Walker called his dog to heel, raised and cocked his gun, and carefully approached the logs.

I’ve mentioned before some of the nuggets to be found on headstones. Readers actually have two chances of finding gold, so to speak, in Nanaimo: at the Pioneer Cemetery, Comox and Wallace streets, and at the “new” cemetery on Bowen Road that replaced it in 1877.

These five acres are the courtesy of the Vancouver Coal Co. as the provincial government refused to cede any of the lands it had reserved for the construction of an Island railway.

Nanaimo Cemetery’s residents enjoy a sweeping view of the city and Newcastle and Protection islands. This was a factor in determining the location of cemeteries in the Victorian age, by the way, it apparently being the belief that, even after death, there’s something to be said for nice surroundings.

But to get back to headstones: One of the more intriguing is that of Richard Frederick Christmas, whose marker notes that he was shot on the 24th of May, 1903. Born Aug. 23, 1882, he was just three months short of his 21st birthday. “Beloved are the pure in heart —” reads his epitaph, although the last word is indistinct.

The death of a man so young, with his whole life before him, is a tragedy by anyone’s measure. In the case of Richard Christmas, his death is all the more so because he was the victim, not just of an accident, but of monumentally bad judgment.

The son of the Rev. Christmas, Richard had gone bear hunting on a Sunday evening with his friend, William J. Walker. Once at French Creek, after agreeing to meet at a certain time and place, they separated, Walker proceeding to a spot where he’d previously shot a bear with the hope that he’d be twice lucky. This put him a mile from his rendezvous point with Richard.

As he approached his chosen ambush site, he was startled to hear something growling from behind some logs, and his small dog raced ahead, barking furiously.
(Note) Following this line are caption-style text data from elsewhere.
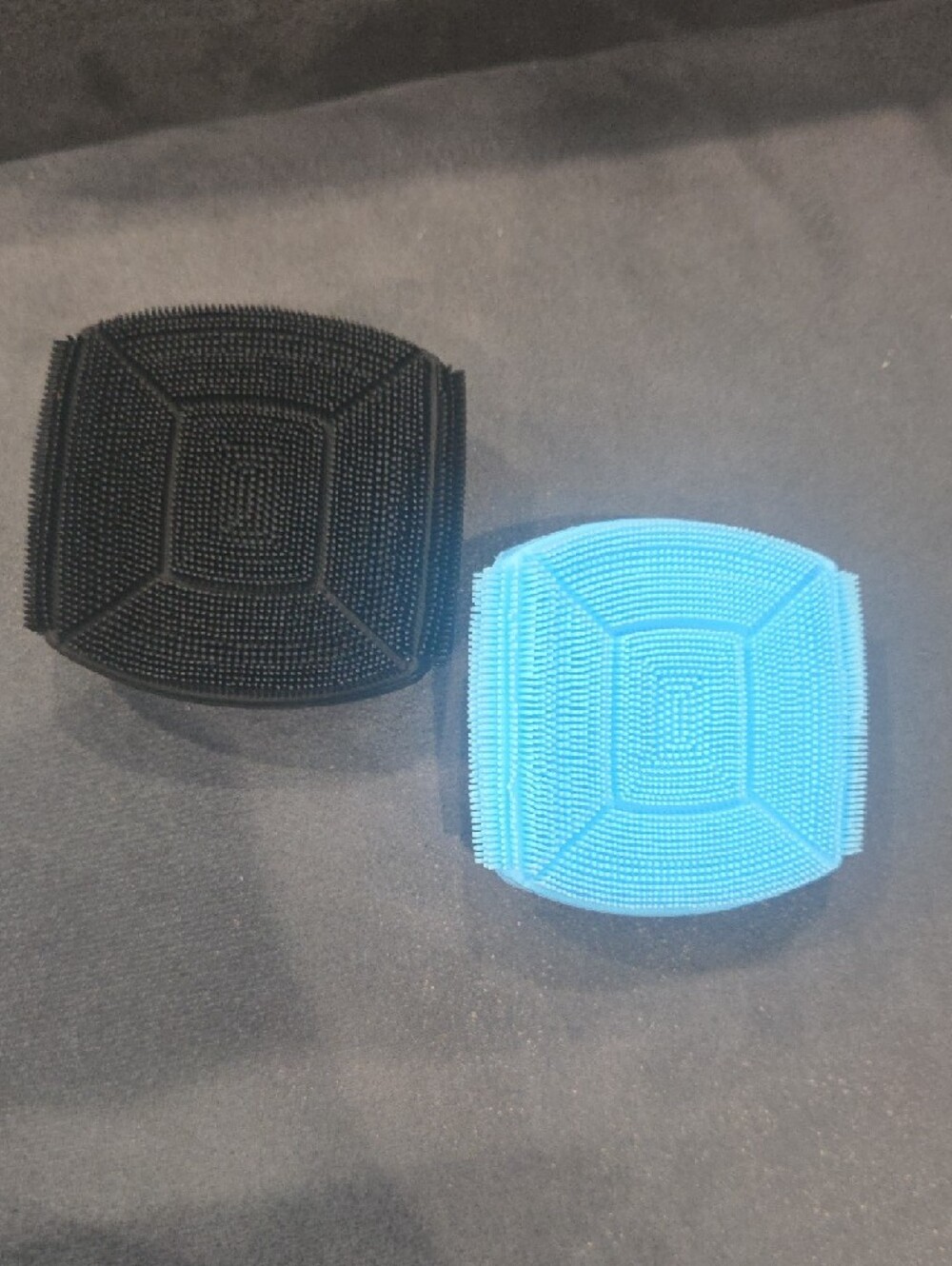 Silicone Face Scrubber 2PCS - Picture 8 of 9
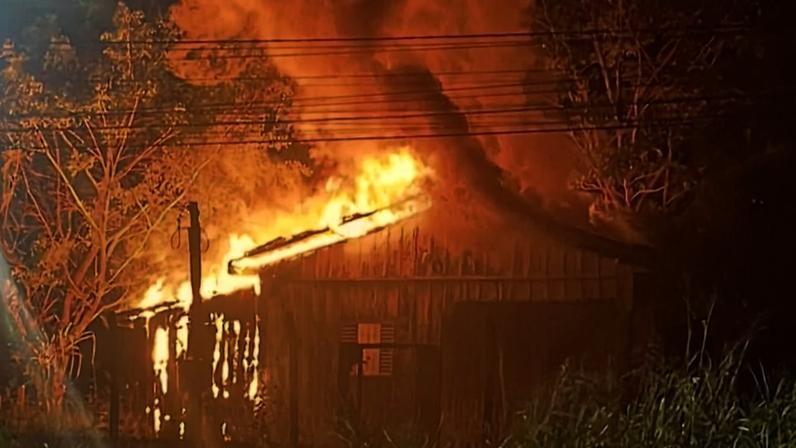 Homem é preso após agredir mãe e padrasto e incendiar residência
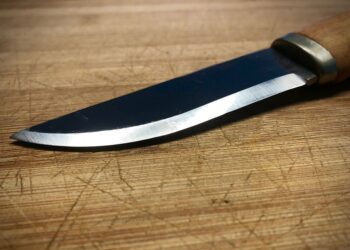 A mulher foi presa pelo crime de lesão corporal grave. Foto: Reprodução/Internet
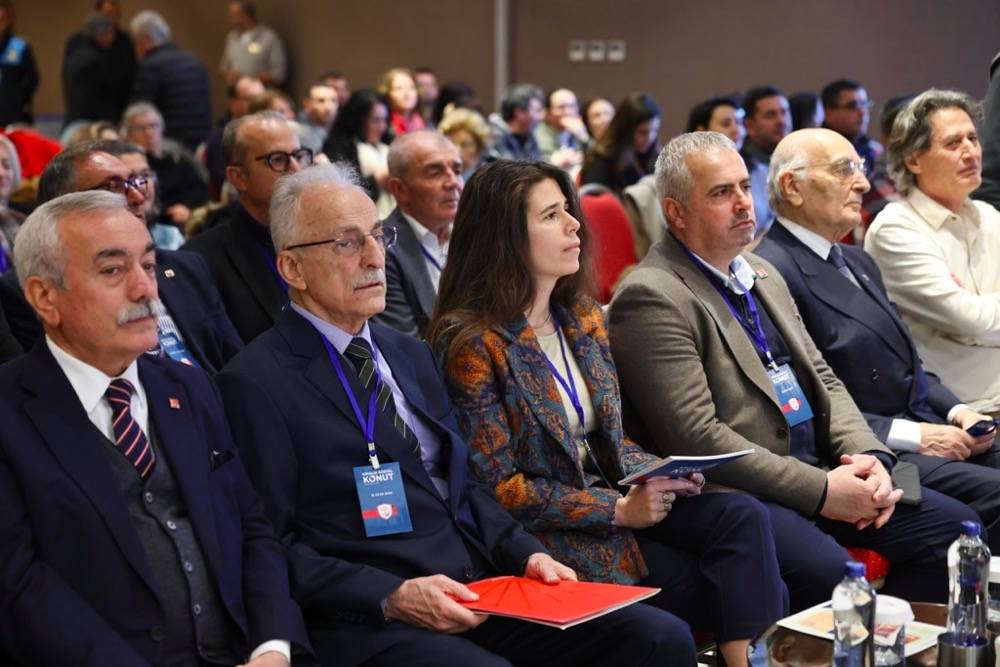 Çeşme’de tarihi adım: Kiralık Sosyal Konut Sempozyumu gerçekleştirildi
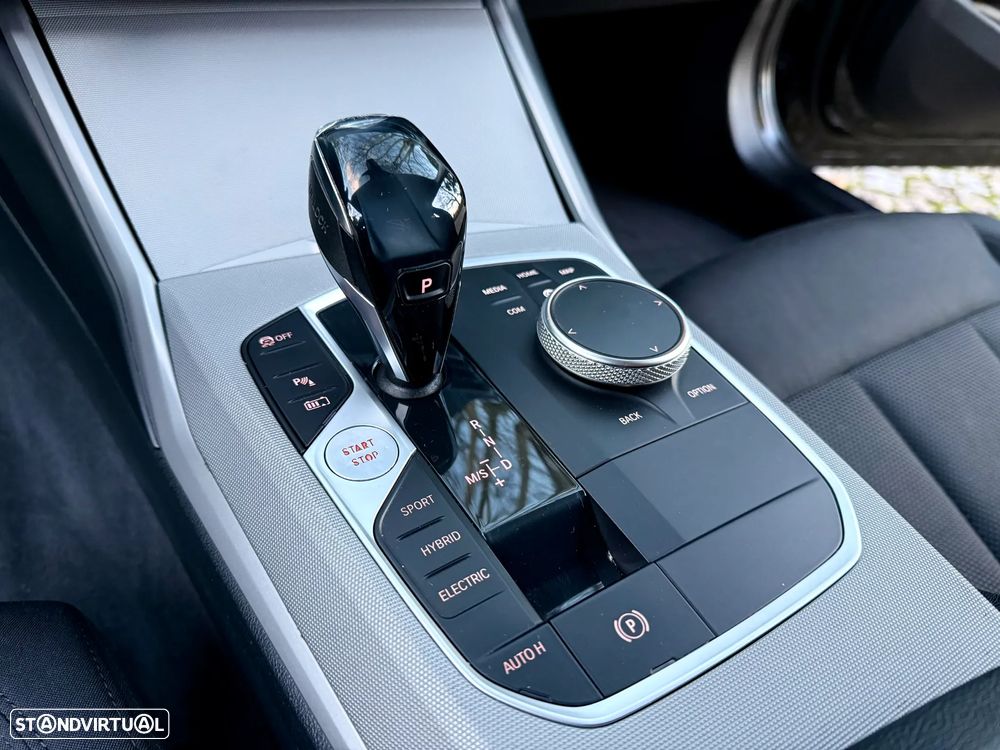 BMW 330 e Corporate Edition Auto - 8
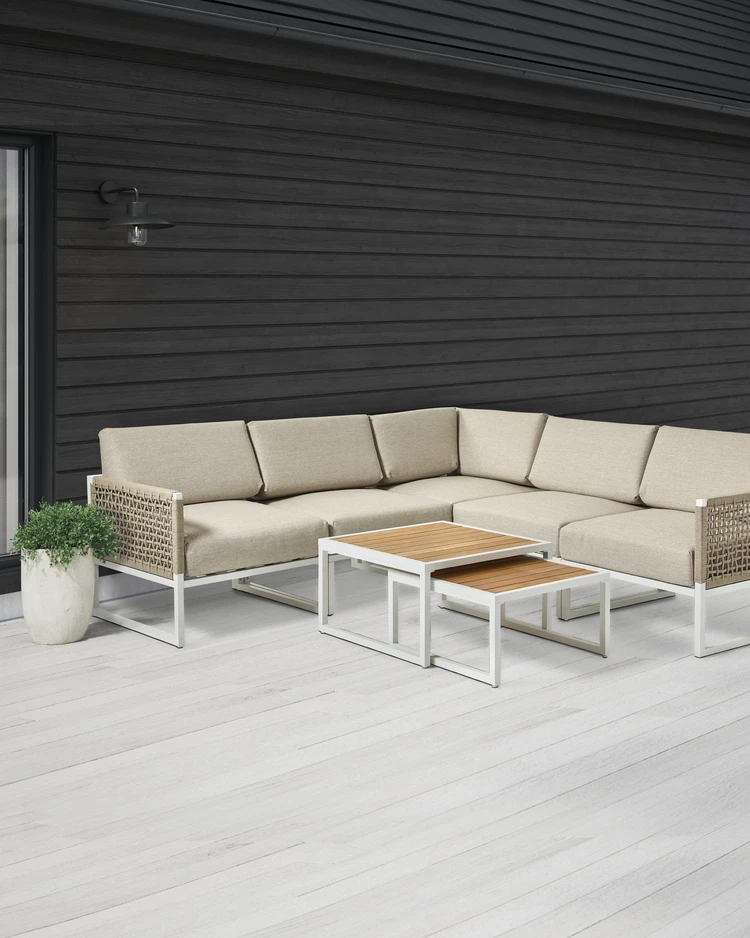 Avalon - Utegrupp med soffa och satsbord - inspiration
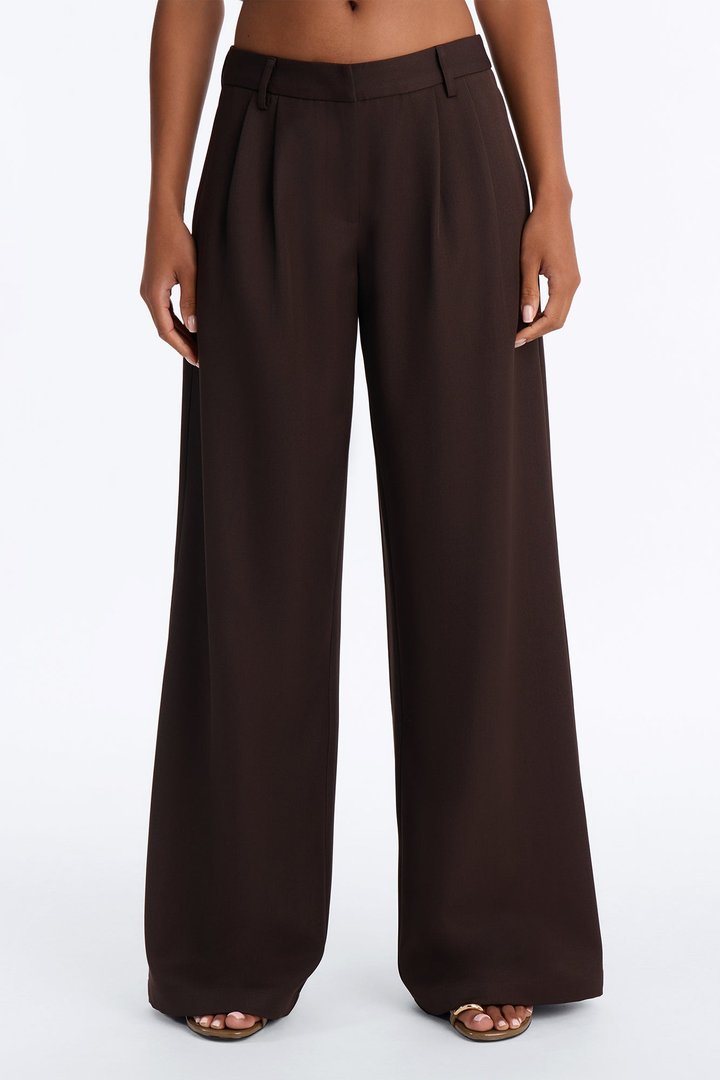 Jet Days High Rise Pleated Wide Leg Trouser - Chocolate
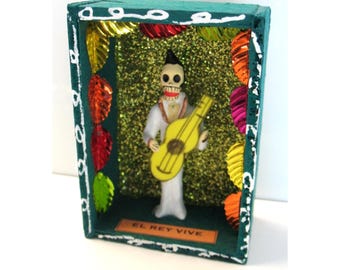 Diorama vintage sur le thème du Jour des Morts, Elvis, El Rey Vive, boîte d'ombre, Nicho, Mexique, Art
Fearing that it would be mauled by what he now took, by its continued snarling and sounds of scratching, to be a bear, Walker called his dog to heel, raised and cocked his gun, and carefully approached the logs.

Seeing something black move, he fired once. The “bear” fell and lay still. When he rushed forward, he found the body of his friend, Richard Frederick Christmas, aged 20 years and nine months, dead.

Beside himself with shock and grief, Walker ran to the home of R.J. Hickey, who saw to the removal of Richard’s body to the Walker residence. In due course Coroner Stanton and Provincial Police Const. Stephenson proceeded to Englishman’s River to hold an inquest — more as a formality than anything else.

“No suspicion attaches to Walker, whose state of mind is one that entitles him to the deepest sympathy,” reported the Nanaimo Free Press. “It has been learned that the deceased had a propensity for playing practical jokes. In view of this no blame for the accident attaches to Walker, who did what, under the circumstances, would have been done by any other man.”

Also among the thousands who take their eternal rest in Nanaimo Cemetery are Mary and E.S. Ironside, victims of one of the worst shipwrecks in provincial history. Actually, the Canadian Pacific liner Princess Sophia sank in Alaska’s Lynn Canal, Oct. 24, 1918, but because she sailed out of Victoria and because most of her 343 casualties were Canadians, she’s looked upon as a B.C. shipwreck.

One of the most memorable photos of the past century is that of the Sophia, her bow impaled on Vanderbilt Reef; it was taken just hours before she slipped off, with the loss of all on board.

As the Ironsides were said to have been exceptionally well-known in the Pacific Northwest, there was a “profusion of floral offerings,” and their funeral was well attended.

Just two of the many great stories that the tombstones tell in Nanaimo Cemetery.